# [EXERCISE DESCRIPTION]
Only the lines from the one containing "中古　DREXEL HERI" through the end of the entries are wanted, retyped exactly and without pictures.

# [GIVEN RECORDS]
★ ★ ★
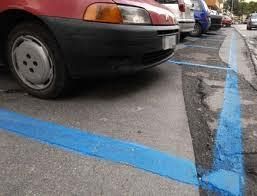 parcheggio con strisce blu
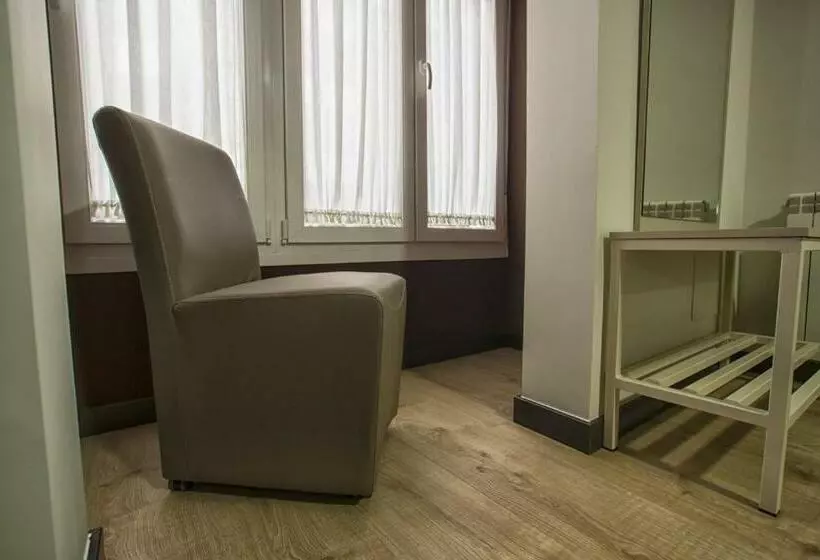 Standard-studio, Hostal Elvira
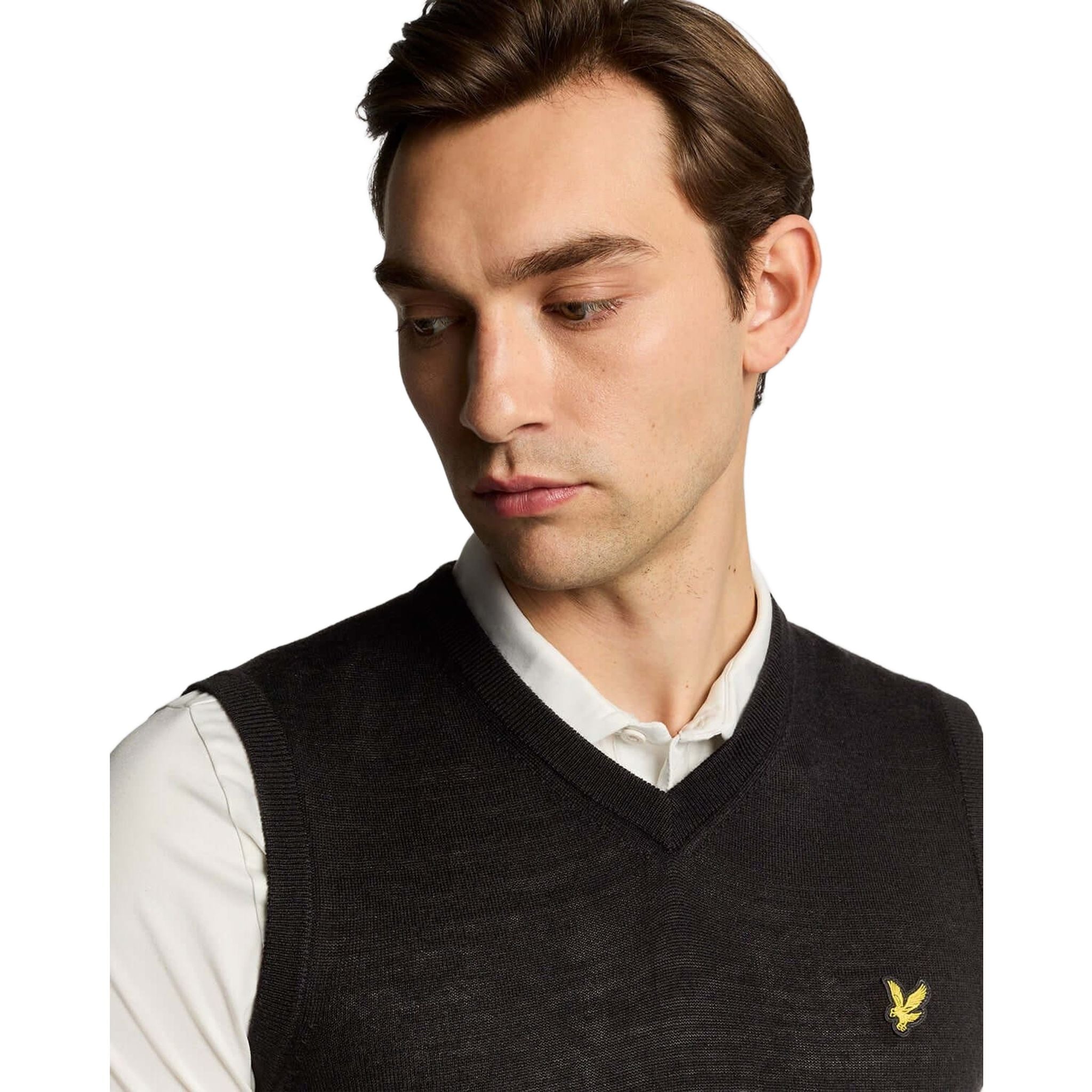 Gilet da uomo in maglia con scollo a V in misto lana merino Lyle & Scott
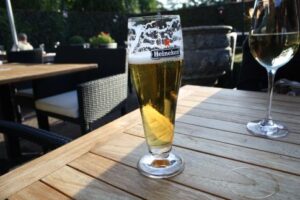 De Jonge Dikkert(風車のレストラン)のテラスで飲んだビール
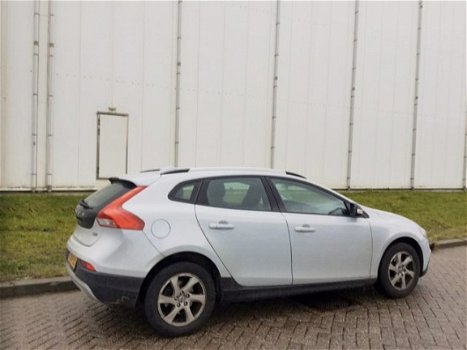 Volvo V40 Cross Country - 1.6 D2 Kinetic | Navigatie | Cruise Control | PDC Achter - 1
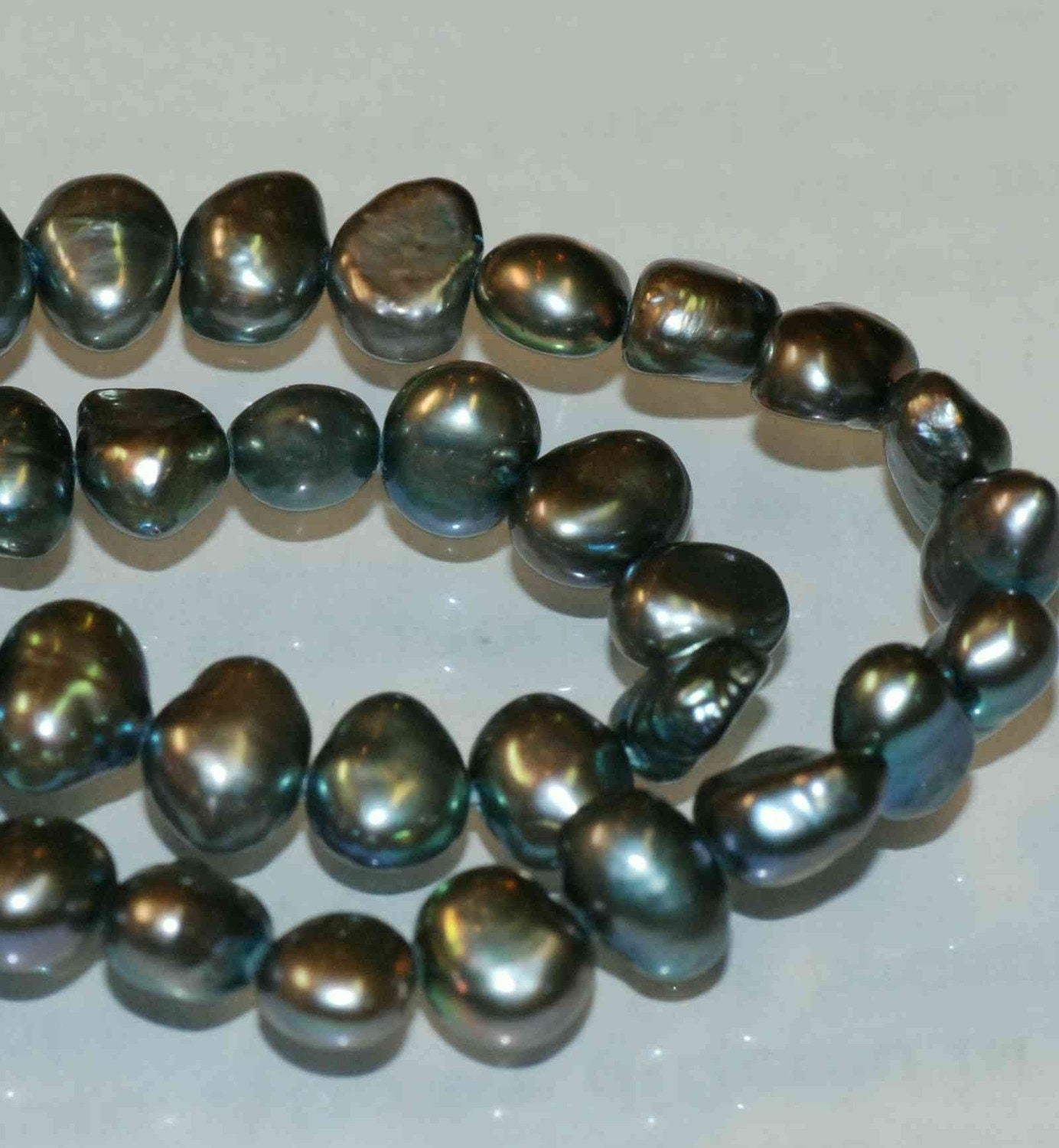 AAA 8-9mm Corn Pearl Baroque Pearl Freshwater Pearl teal peacock green ----15.5'' full strand 60 plus pieces-----Wholesale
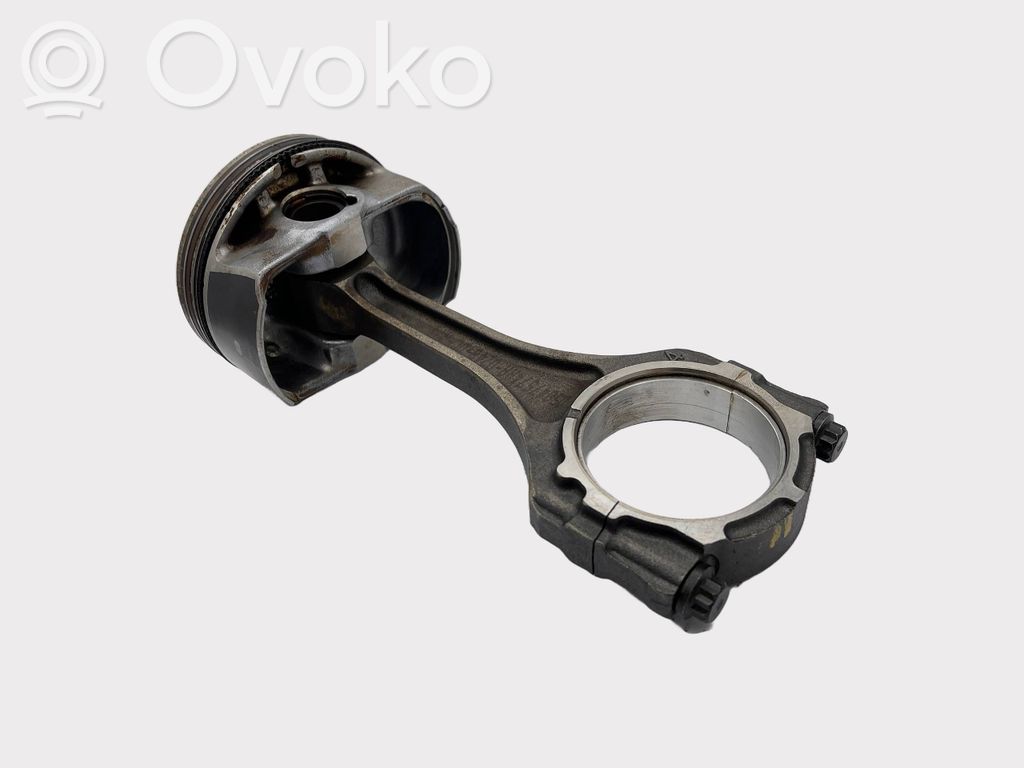 Jeep Cherokee Piston with connecting rod 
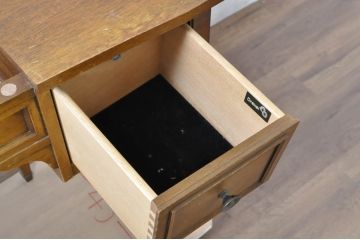 中古　DREXEL HERITAGE(ドレクセルヘリテイジ)　Triune(トライユン)　高級感漂う佇まいが魅力のドレッサー(化粧台、鏡台、ミラー)(定価約42万円)(R-080346)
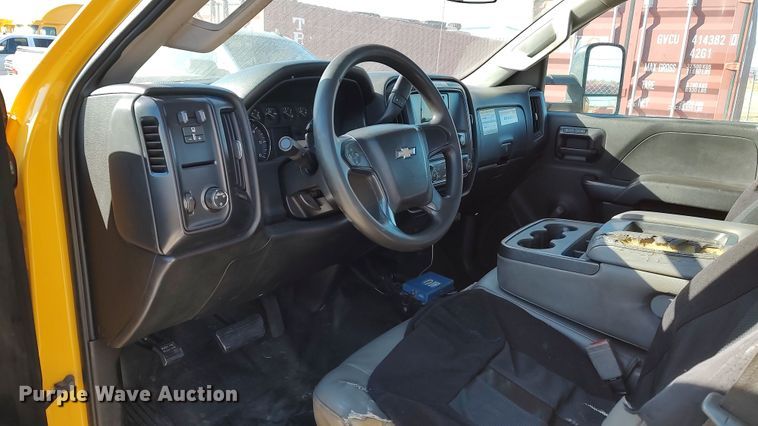 image for item LP9180 2015 Chevrolet Silverado 3500HD  utility bed pickup truck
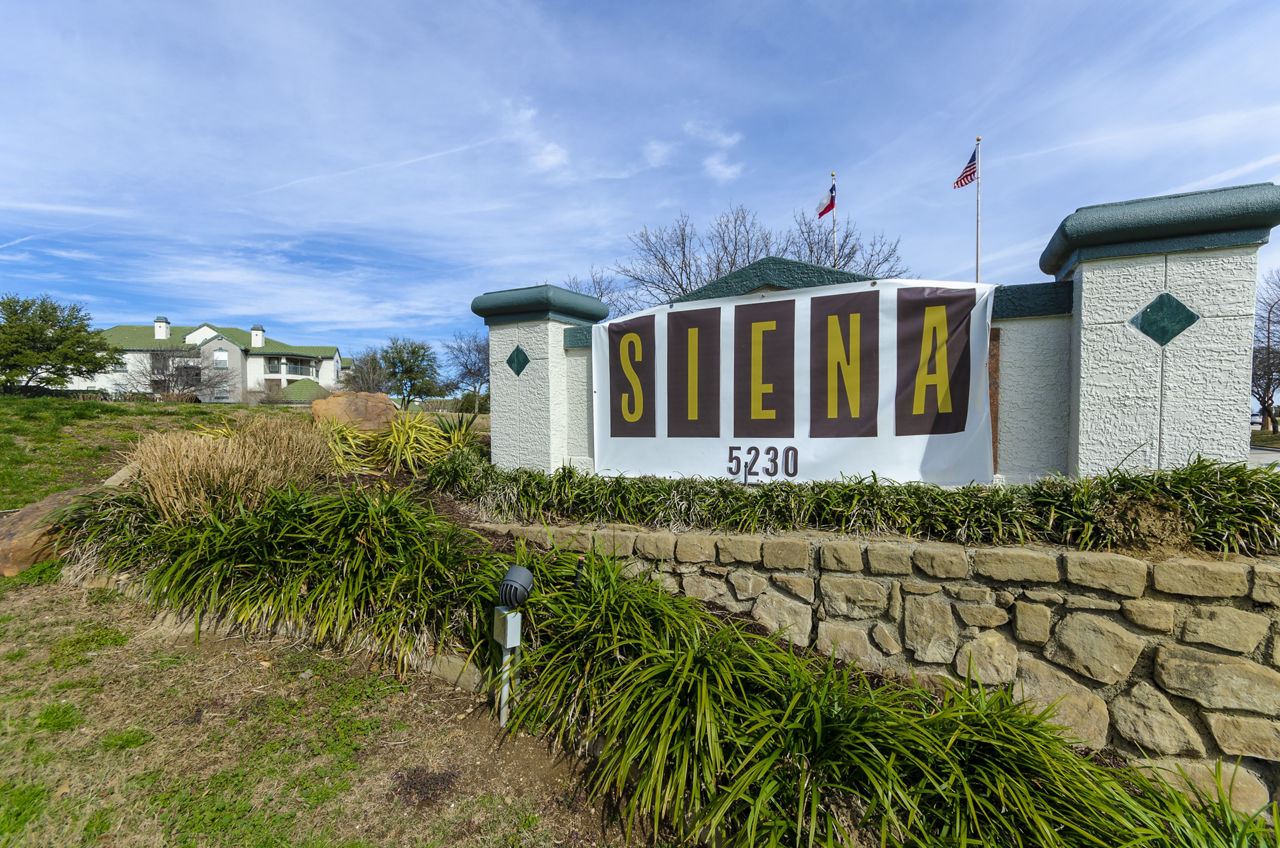 Siena Apartments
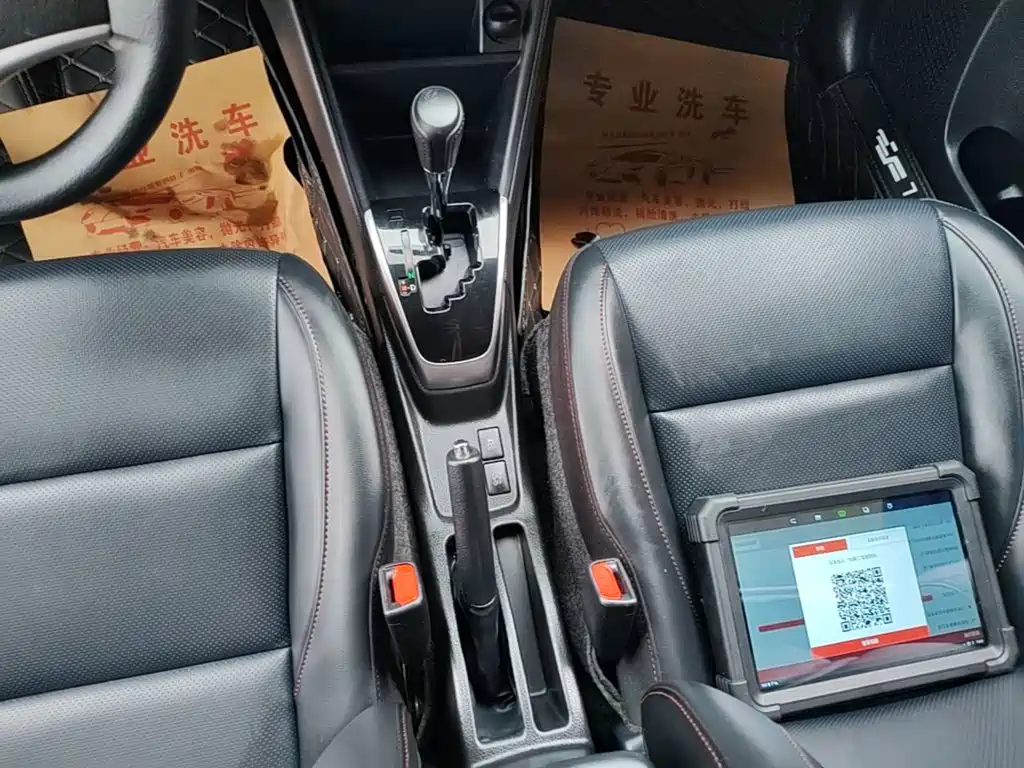Toyota Yaris L 2020 — фото 10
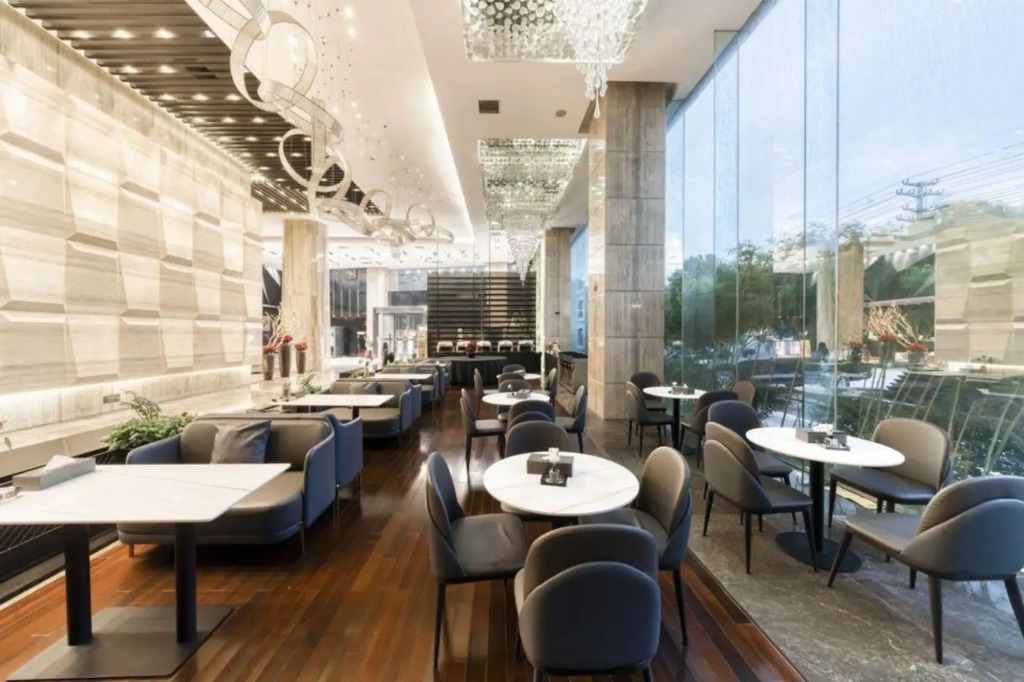 Maitao Crystal Hotel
★ ★ ★
# [RESPONSE AREA]
 中古　DREXEL HERITAGE(ドレクセルヘリテイジ)　Triune(トライユン)　高級感漂う佇まいが魅力のドレッサー(化粧台、鏡台、ミラー)(定価約42万円)(R-080346)
 image for item LP9180 2015 Chevrolet Silverado 3500HD  utility bed pickup truck
 Siena Apartments
Toyota Yaris L 2020 — фото 10
 Maitao Crystal Hotel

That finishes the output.